EXERCISE DIRECTIONS:
Only the lines from the beginning of the data through the one with "Verbatim 47042 Pro" belong in the answer, each retyped exactly, with pictures left out.

ENTRIES SUPPLIED:

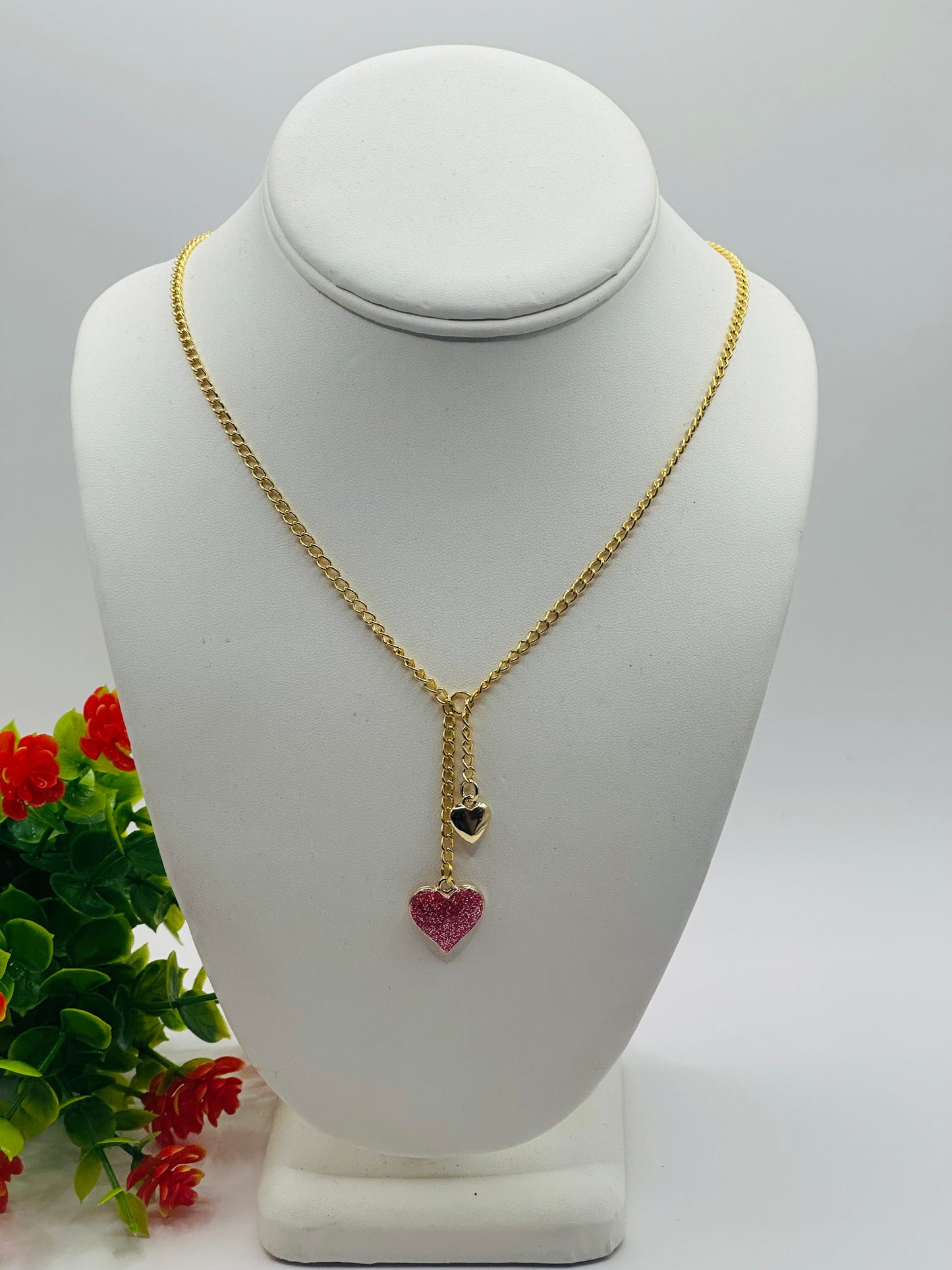 Hearts pink Necklace VN-001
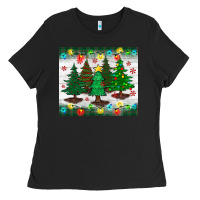 Black christmas trees tumbler Ladies Tee - BundleAndBundleShop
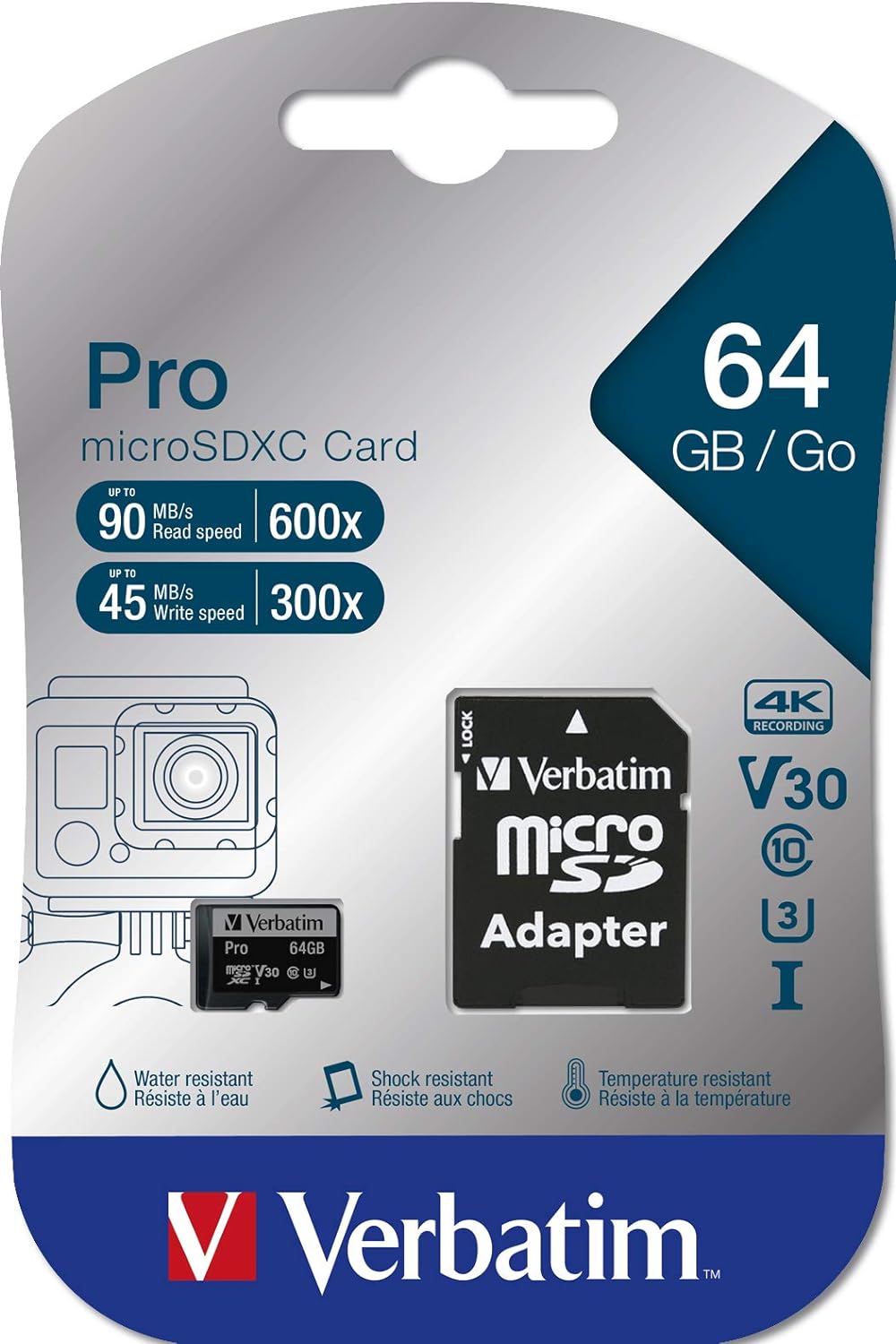 Verbatim 47042 Pro microSDXC U3 64GB Micro SD Card with Adapter Pro Micro 64GB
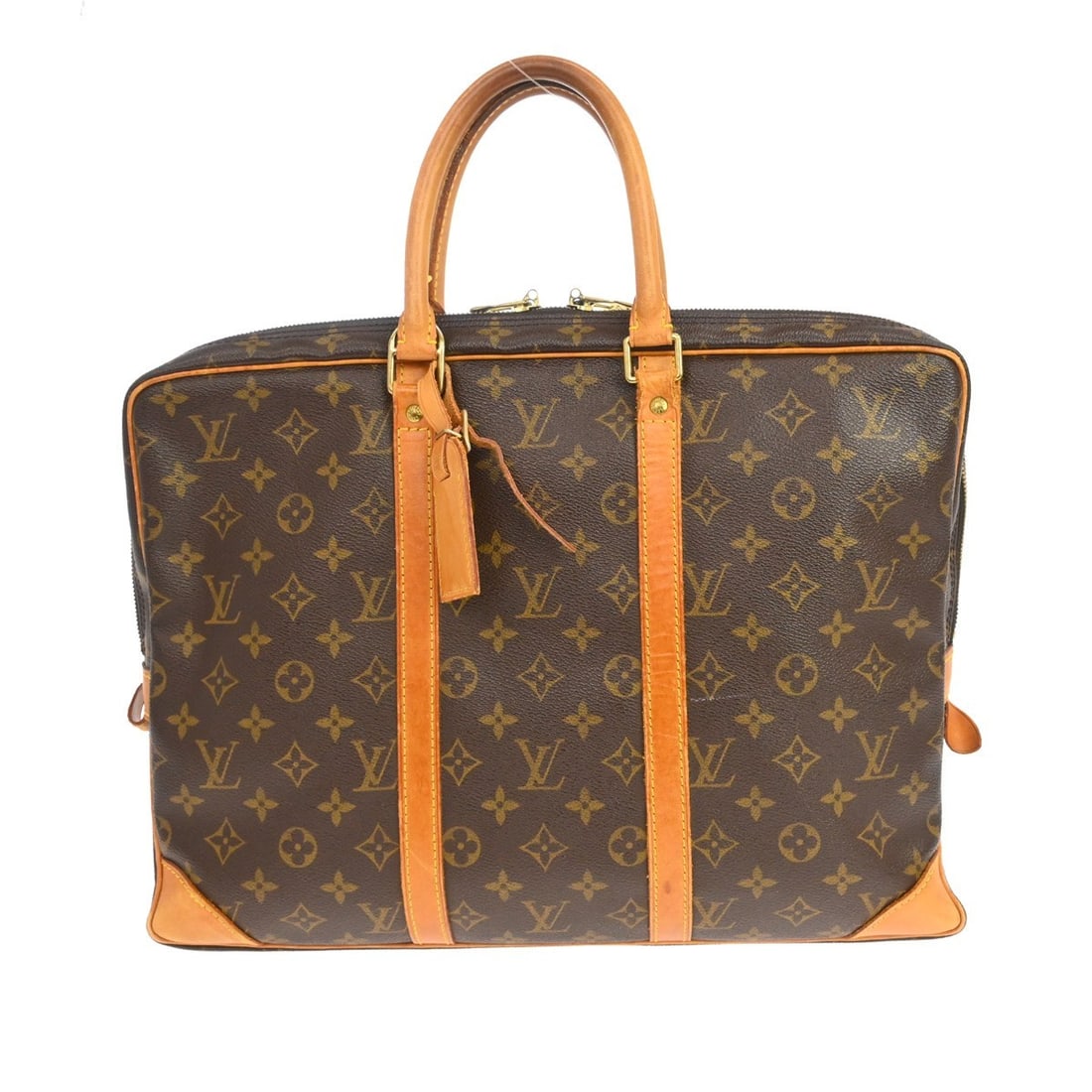 Louis Vuitton Monogram Porte-Documents Voyage Medium Brown Canvas Handbag: Louis Vuitton Monogram Porte-Documents Voyage Medium Brown Canvas Handbag This Louis Vuitton Porte-Documents Voyage handbag features the iconic Monogram canvas leather exterior with beige double handl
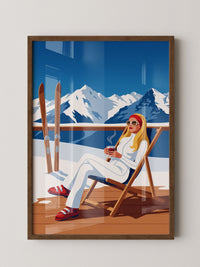 Skiurlaub Terrasse Retro
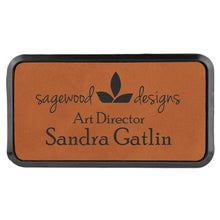 Load image into Gallery viewer, Rawhide 3" x 1 1/2" Laserable Leatherette Round Corner Badge &amp; Frame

SOLVED PROBLEM:
 Hearts pink Necklace VN-001
 Black christmas trees tumbler Ladies Tee - BundleAndBundleShop
 Verbatim 47042 Pro microSDXC U3 64GB Micro SD Card with Adapter Pro Micro 64GB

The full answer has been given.